Stepan Chapman’s The Troika is brilliant. A surreal fantasy about a twisted family – an old mexican woman, Eva; a Jeep, Alex; and a Brontosaurus, Naomi, travelling together across an endless desert. It’s engaging and wildly inventive, a book of layered dreams and delusions, featuring guardian angels, fiddler-crab cops, Plasma Wars, and insanity.

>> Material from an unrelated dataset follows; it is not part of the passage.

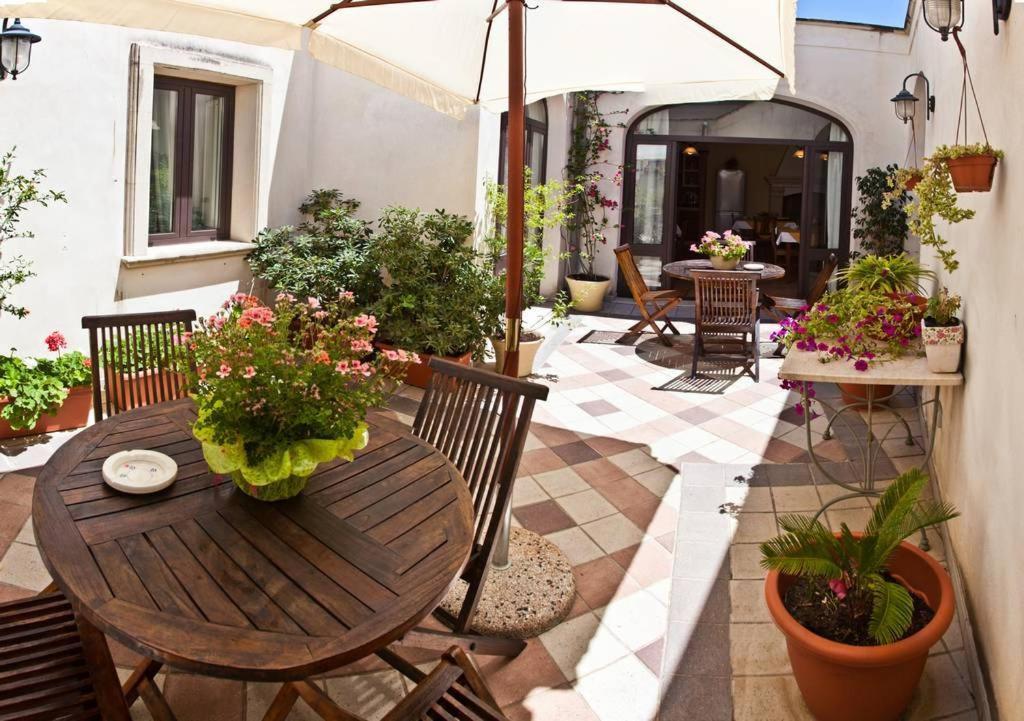 Palazzo Volta Boutique Luxury B&B Nardò Exteriör bild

Published by the Ministry of Whimsy Press in 1997, it is unfortunately pretty hard to find a copy of these days. And that’s a damn shame.
Here’s a taste.
I know that what I did was wrong and futile. But I’ll make it up to you, Eva. I’ll take you to a quiet little cemetary. We’ll be happy there, among the tombs and the cedars. The snow will bury us for the winter. No one will disturb us. I have a plan. I shall amplify and elaborate you beyond your wildest dream of yourself. With my forceps, clamps, and bone saws, I will inlay your ribs with mercury and thread seashell copper spirals through your thigh bones. I will microtome your shoulder blades and spread them fanwise into angel wings. Disdiscovering physiology, disinventing dissection, I shall dilate your tissues into a gradually expanding cosmos of flesh. At first, none of the work will make sense to us. But I have my reasons. In spring, we’ll burst up through the melting snow, machine and flesh merged, machine forests, flesh cathedrals. So descend, my laser lamp. Set free your razor brilliance. Slice and peel, fold my love into origami, crown her with pulmonary flowers, and let slender bronchial vines wreathe the brow of my dead bride. For then I may brush back her raven-dark hair with a mermaid’s comb, just so, like the dark of the moon. Dear dead Eva, my only friend, this is all as it is meant to be.